Ah, but maybe there is a skeptic here this morning asking, “But where is Jesus now? Where is the final proof of His great prophecies? Why believe this pie in the sky promise when none of us have seen Christ?”
And the skeptic has a point. We are forced to walk by faith. Salvation is declared, once and for all, in the Resurrection, but the full revealing of the truth of Christ is still a future event. The final prophecies are still pending. But there is evidence, evidence of something going on, from the way the whole world numbers their years from Jesus’ birthday, to the simple fact that despite her weakness, despite her many enemies, the Church continues on. Even though the true Church never uses human power to advance herself, but only the Word of God, still, in the face of great resistance, the Church goes on. Despite its age and the myriad attacks it has suffered, Gods’ Word recorded in the Bible is still the most popular and influential book on Earth. How have these things happened, unless the Almighty is really backing up His Word and His Church?
These are powerful evidence, something unique is definitely going on. Powerful evidence, but not enough. We will not argue the skeptic into faith.
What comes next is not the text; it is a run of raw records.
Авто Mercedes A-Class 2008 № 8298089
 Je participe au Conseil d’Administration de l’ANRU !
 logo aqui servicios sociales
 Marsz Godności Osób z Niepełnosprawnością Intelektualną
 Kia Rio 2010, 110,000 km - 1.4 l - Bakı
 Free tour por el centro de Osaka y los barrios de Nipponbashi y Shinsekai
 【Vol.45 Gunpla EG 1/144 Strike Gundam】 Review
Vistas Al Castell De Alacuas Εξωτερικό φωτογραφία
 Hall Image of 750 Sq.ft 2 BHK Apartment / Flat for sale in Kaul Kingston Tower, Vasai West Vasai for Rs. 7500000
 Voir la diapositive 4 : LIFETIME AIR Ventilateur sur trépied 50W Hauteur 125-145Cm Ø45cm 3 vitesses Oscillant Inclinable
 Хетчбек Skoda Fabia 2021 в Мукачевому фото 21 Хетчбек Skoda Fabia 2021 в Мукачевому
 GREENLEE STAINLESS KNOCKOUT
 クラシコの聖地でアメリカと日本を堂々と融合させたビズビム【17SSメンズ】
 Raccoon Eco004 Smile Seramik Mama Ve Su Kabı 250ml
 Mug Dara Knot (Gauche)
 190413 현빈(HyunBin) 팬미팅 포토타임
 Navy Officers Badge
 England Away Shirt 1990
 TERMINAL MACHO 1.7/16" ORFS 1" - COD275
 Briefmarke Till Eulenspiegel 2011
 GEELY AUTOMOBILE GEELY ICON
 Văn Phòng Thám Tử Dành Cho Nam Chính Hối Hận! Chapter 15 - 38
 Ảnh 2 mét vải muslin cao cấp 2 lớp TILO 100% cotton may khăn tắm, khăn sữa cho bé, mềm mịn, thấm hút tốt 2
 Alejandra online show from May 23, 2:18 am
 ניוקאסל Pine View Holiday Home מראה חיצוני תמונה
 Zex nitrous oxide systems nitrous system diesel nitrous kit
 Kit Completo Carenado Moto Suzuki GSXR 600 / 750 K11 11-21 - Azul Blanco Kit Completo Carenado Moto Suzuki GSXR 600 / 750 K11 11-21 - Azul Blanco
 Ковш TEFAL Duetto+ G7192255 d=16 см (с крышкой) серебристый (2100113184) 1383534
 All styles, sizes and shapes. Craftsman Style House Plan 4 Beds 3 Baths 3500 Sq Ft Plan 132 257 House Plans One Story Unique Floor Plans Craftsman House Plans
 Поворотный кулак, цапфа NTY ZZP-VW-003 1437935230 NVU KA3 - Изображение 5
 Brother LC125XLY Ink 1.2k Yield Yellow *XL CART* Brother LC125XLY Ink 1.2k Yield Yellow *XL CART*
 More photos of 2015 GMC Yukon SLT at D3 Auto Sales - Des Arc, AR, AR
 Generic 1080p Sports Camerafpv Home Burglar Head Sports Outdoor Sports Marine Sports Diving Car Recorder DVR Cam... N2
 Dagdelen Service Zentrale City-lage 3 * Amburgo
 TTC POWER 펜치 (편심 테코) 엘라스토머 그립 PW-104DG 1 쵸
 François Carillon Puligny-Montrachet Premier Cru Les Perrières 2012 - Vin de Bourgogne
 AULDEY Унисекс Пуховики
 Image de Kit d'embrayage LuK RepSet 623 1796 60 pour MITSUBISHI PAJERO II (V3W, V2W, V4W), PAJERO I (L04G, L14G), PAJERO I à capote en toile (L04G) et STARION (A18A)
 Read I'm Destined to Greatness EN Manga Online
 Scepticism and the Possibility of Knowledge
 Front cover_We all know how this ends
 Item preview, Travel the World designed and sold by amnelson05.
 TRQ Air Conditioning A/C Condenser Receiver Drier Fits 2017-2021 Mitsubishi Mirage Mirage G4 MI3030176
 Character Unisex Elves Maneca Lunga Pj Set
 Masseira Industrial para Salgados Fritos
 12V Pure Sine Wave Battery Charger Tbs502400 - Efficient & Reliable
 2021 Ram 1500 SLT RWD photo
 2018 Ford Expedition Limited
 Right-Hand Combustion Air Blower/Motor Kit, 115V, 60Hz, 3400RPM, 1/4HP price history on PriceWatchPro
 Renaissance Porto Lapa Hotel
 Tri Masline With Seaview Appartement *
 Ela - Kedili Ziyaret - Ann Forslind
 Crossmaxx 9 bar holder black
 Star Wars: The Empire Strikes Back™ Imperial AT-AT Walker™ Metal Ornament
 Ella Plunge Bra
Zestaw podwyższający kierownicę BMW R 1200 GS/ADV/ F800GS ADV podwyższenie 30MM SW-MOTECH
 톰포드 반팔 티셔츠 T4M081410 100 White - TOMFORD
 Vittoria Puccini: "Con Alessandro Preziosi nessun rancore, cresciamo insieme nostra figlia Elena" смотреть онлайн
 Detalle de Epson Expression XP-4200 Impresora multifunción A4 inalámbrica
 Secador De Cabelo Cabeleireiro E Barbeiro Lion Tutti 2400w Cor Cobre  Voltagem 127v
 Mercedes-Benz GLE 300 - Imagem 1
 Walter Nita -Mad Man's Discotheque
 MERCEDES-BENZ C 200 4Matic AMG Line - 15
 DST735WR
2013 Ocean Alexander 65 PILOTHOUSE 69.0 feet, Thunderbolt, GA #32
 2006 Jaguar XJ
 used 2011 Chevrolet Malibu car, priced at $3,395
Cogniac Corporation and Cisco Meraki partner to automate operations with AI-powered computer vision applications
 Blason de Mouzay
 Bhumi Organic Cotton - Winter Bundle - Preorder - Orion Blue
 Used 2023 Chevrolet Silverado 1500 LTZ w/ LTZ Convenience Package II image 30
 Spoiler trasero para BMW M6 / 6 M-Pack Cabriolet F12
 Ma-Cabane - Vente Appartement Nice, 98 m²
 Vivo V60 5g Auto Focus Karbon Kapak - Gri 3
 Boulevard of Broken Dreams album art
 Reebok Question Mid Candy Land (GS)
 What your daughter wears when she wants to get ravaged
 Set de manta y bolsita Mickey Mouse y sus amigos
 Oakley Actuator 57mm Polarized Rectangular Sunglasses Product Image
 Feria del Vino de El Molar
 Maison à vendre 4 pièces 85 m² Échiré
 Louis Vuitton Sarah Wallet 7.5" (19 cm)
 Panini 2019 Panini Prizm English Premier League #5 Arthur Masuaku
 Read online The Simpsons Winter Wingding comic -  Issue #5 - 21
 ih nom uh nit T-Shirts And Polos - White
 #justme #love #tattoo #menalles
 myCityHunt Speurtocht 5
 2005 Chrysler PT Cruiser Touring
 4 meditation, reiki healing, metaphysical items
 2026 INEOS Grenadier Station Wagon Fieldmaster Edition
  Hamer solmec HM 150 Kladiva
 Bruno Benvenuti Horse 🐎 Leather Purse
But maybe, just maybe, by God’s grace, these arguments, perhaps augmented by the kindness and mercy of God’s people, maybe these will be enough to draw someone in to hear Christ’s Word of prophecy. And this is when the Spirit makes faith happen, when the ears and heart of the unbelieving sinner are struck by the Word of the True Prophet, and all the doubt and resistance are swept away in a wave of confession and faith and hope. This is the Father’s gift at Christmas, your True Prophet, the Word made flesh, the hope of every sinner, come into our midst, to proclaim His mercy. God grant each of us to hear and trust His promises, for they are the Truth which gives forgiveness, and everlasting life. Amen.